# The chicken



## Daniel (Jul 11, 2004)

Why did the chicken cross the road?:

PAT BUCHANAN: To steal a job from a decent, hardworking American.

DR. SEUSS: Did the chicken cross the road? Did he cross it with a toad? Yes! The chicken crossed the road, but why it crossed, I've not been told!

ERNEST HEMINGWAY: To die. In the rain.

MARTIN LUTHER KING, JR.: I envision a world where all chickens will be free to cross roads without having their motives called into question.

GRANDP A: In my day, we didn't ask why the chicken crossed the road. Someone told us that the chicken crossed the road, and that was good enough for us.

ARISTOTLE: It is the nature of chickens to cross the road.

KARL MARX: It was a historical inevitability.

RONALD REAGAN: What chicken?

CAPTAIN JAMES T. KIRK: To boldly go where no chicken has gone before.

FOX MULDER: You saw it cross the road with your own eyes. How many more chickens have to cross before you believe it?

MACHIAVELLI: The point is that the chicken crossed the road. Who cares why? The end of crossing the road justifies whatever motive there was.

FREUD: The fact that you are at all concerned that the chicken crossed the road reveals your underlying sexual insecurity.

BILL GATES: I have just released eChicken 98, which will not only cross roads, but will lay eggs, file your important documents, and balance your checkbook.

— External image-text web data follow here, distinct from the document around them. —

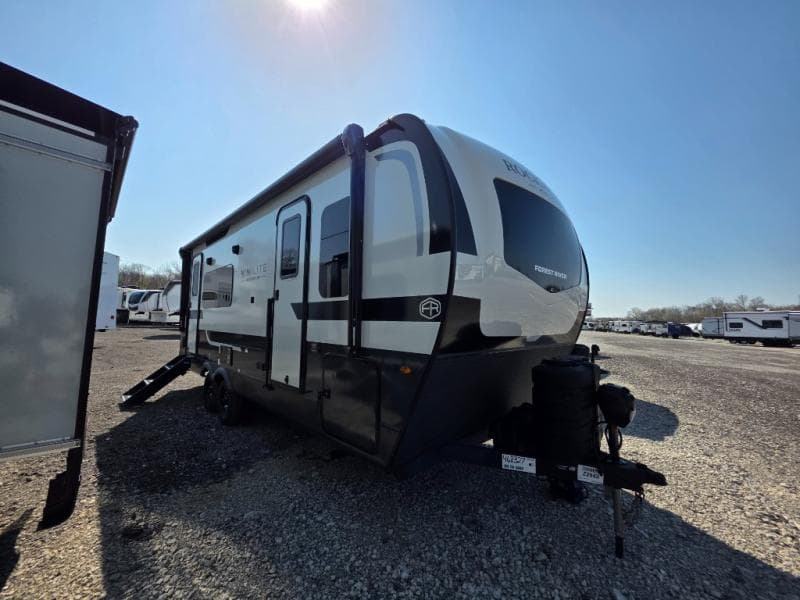 2026 Forest River 2026 Forest River Rockwood Mini Lite - thumbnail 3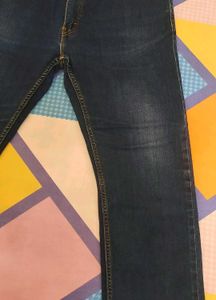 Levi&#39;s Dark Wash Jeans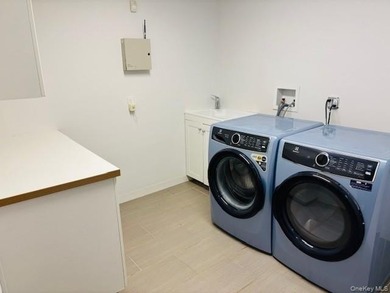 Welcome to Harborfields Schools! This beautifully maintained - photo 35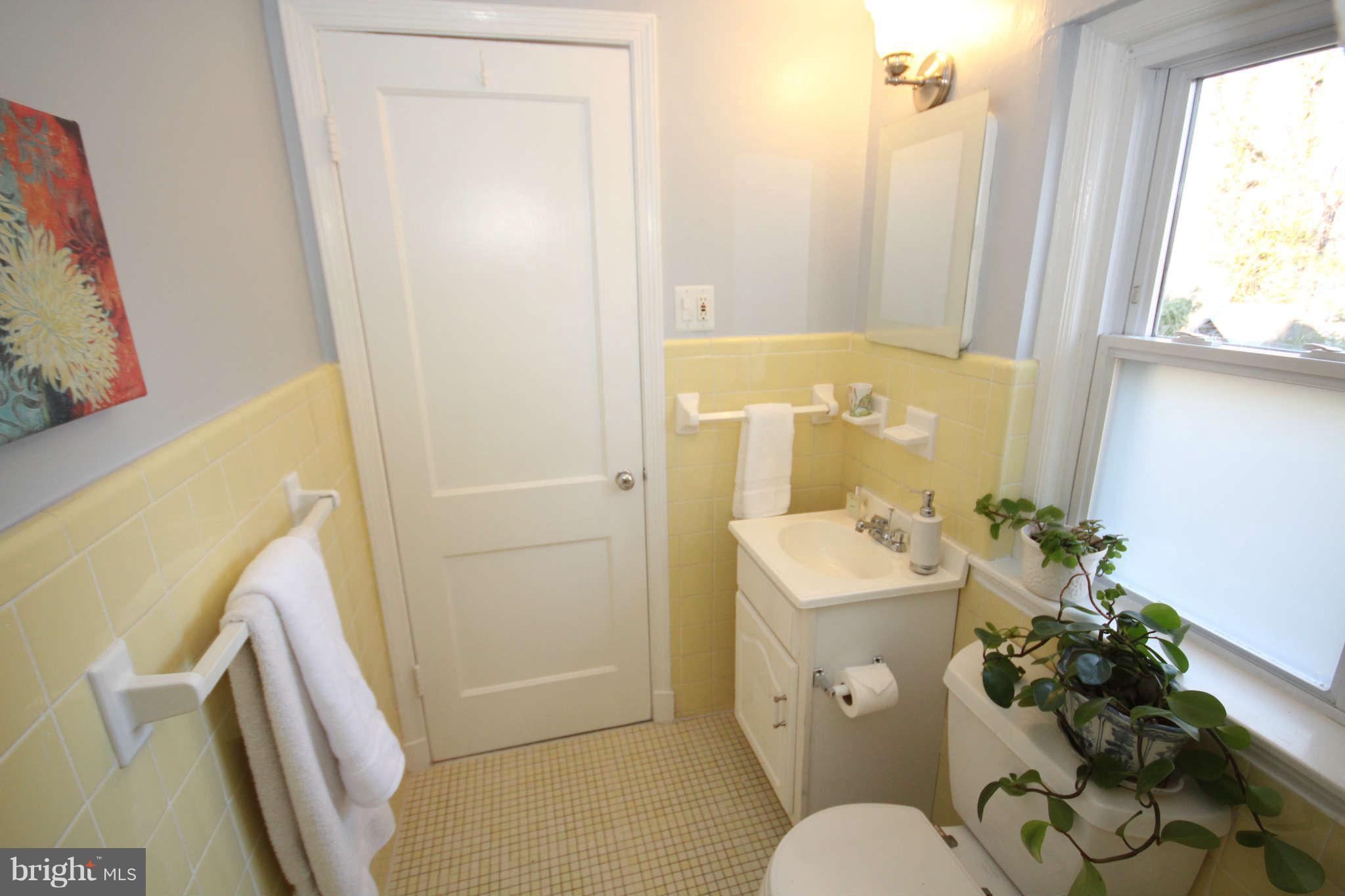 10603 Inwood Avenue Silver Spring, MD 20902 - Photo 19 of 24 Bath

Internet Explorer is an inextricable part of eChicken.

EINSTEIN: Did the chicken really cross the road or did the road move beneath the chicken?

BILL CLINTON: I did not cross the road with THAT chicken. What do you mean by chicken? Could you define chicken please?

IMMANUEL KANT: The chicken was acting out of a sense of duty to cross the road, as chickens have traditionally crossed roads throughout history.

COLONEL SANDERS: I missed one?

RICHARD M. NIXON: The chicken did not cross the road. I repeat, the chicken did not cross the road. I don't know any chickens. I have never known any chickens.


----------



## becky (Jul 19, 2004)

> _Originally posted by daniel_@Aug 12 2004, 02:21 AM
> *DR. SEUSS: Did the chicken cross the road? Did he cross it with a toad? Yes! The chicken crossed the road, but why it crossed, I've not been told!
> [snapback]1483[/snapback]​*


I really like this one, maybe because I read so much Dr. Seuss nowadays!


----------



## Nox (Jul 22, 2004)

...one fish, two fish, red fish, blue fish...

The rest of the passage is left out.